When we applied out the statistical test, distension of the proximal and distal jejunum was found to differ significantly in patients studied with CT-E and those studied with PEG-CT. In other words, distension of the proximal and distal jejunum was significantly better in patients studied with CT-E than those studied with PEG-CT. In fact, CT-E had a higher specificity than PEG-CT because of the absence of false-positive cases owing to better distension.

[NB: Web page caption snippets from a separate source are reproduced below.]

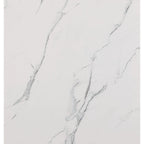 Genuine White Marble Sofa Table – Elegant Console Table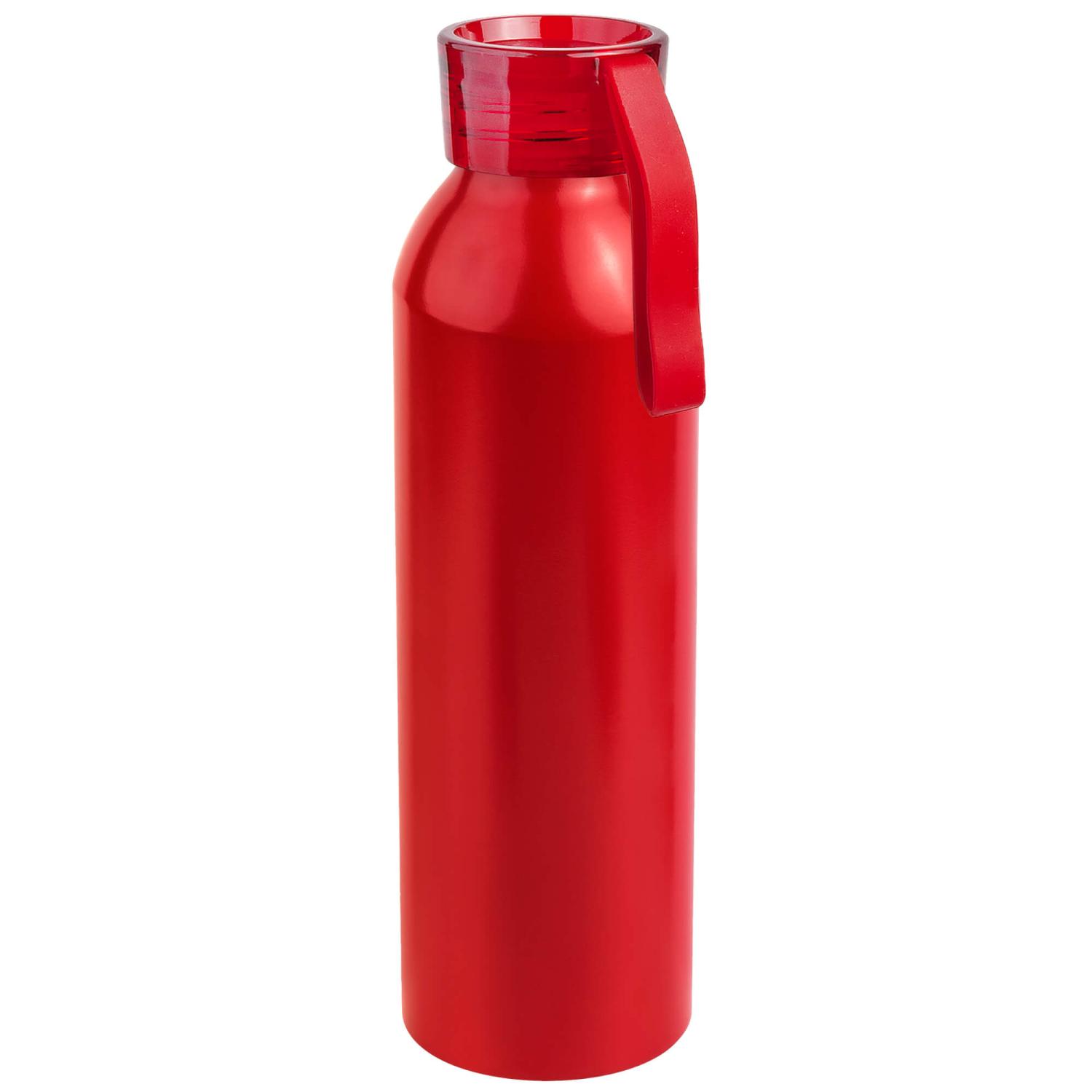 Бутылка для воды VIKING RED 650мл. Красная с красной крышкой 6144.03
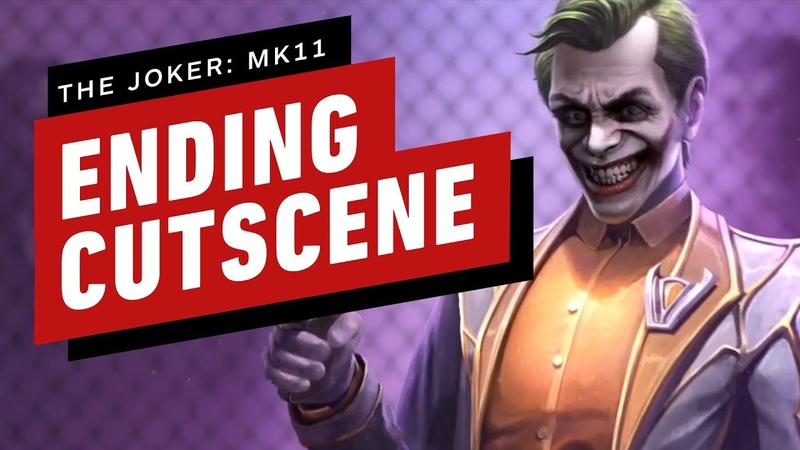 Mortal Kombat 11 Joker Story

Moreover, one of the most important limitations of CT-E is patient discomfort and the time needed for all manoeuvres (almost 1 h from intubation to CT examination) [4]. We have confirmed this in our study. In fact, the patients who underwent CT-E complained of more discomfort than those who underwent PEG-CT (p<0.05: statistically significant difference).
Finally, there is evidence in the literature that another limitation of CT-E is the increased radiation dose [4].
Our study has some methodological limitations. First is the non-randomisation of the patients. In fact, CT-E was proposed to all patients as first examination. Patients who refused the nasojejunal tube or patients in whom intubation failed underwent PEG-CT. Another limitation could be that we used two different techniques to study the patients: CT-E and PEG-CT, with two different contrast agents, respectively methylcellulose and PEG solution. The last limitation is the absence of a complete reference standard (i.e. some cases were reported as normal and had no further investigations).
Conclusion
Even if the quality of images is better with CT-E than with PEG-CT, PEG-CT shows terminal ileum involvement, extraluminal findings and complications of Crohn's disease as well as CT-E does. In fact, even if it was not possible to obtain an adequate study of the jejunum with PEG-CT, the jejunum is rarely affected by Crohn's disease.
Patients accepted the oral solution after attempting intubation with a nasojejunal tube; the radiation dose of PEG-CT is lower than CT-E.
In conclusion, it is our opinion that PEG CT can be a valid alternative examination to CT-E.
Acknowledgment
We thank Dr Fabrizio Cichocki, medical physics expert, for his help in the evaluation of the radiation doses in CT enteroclysis.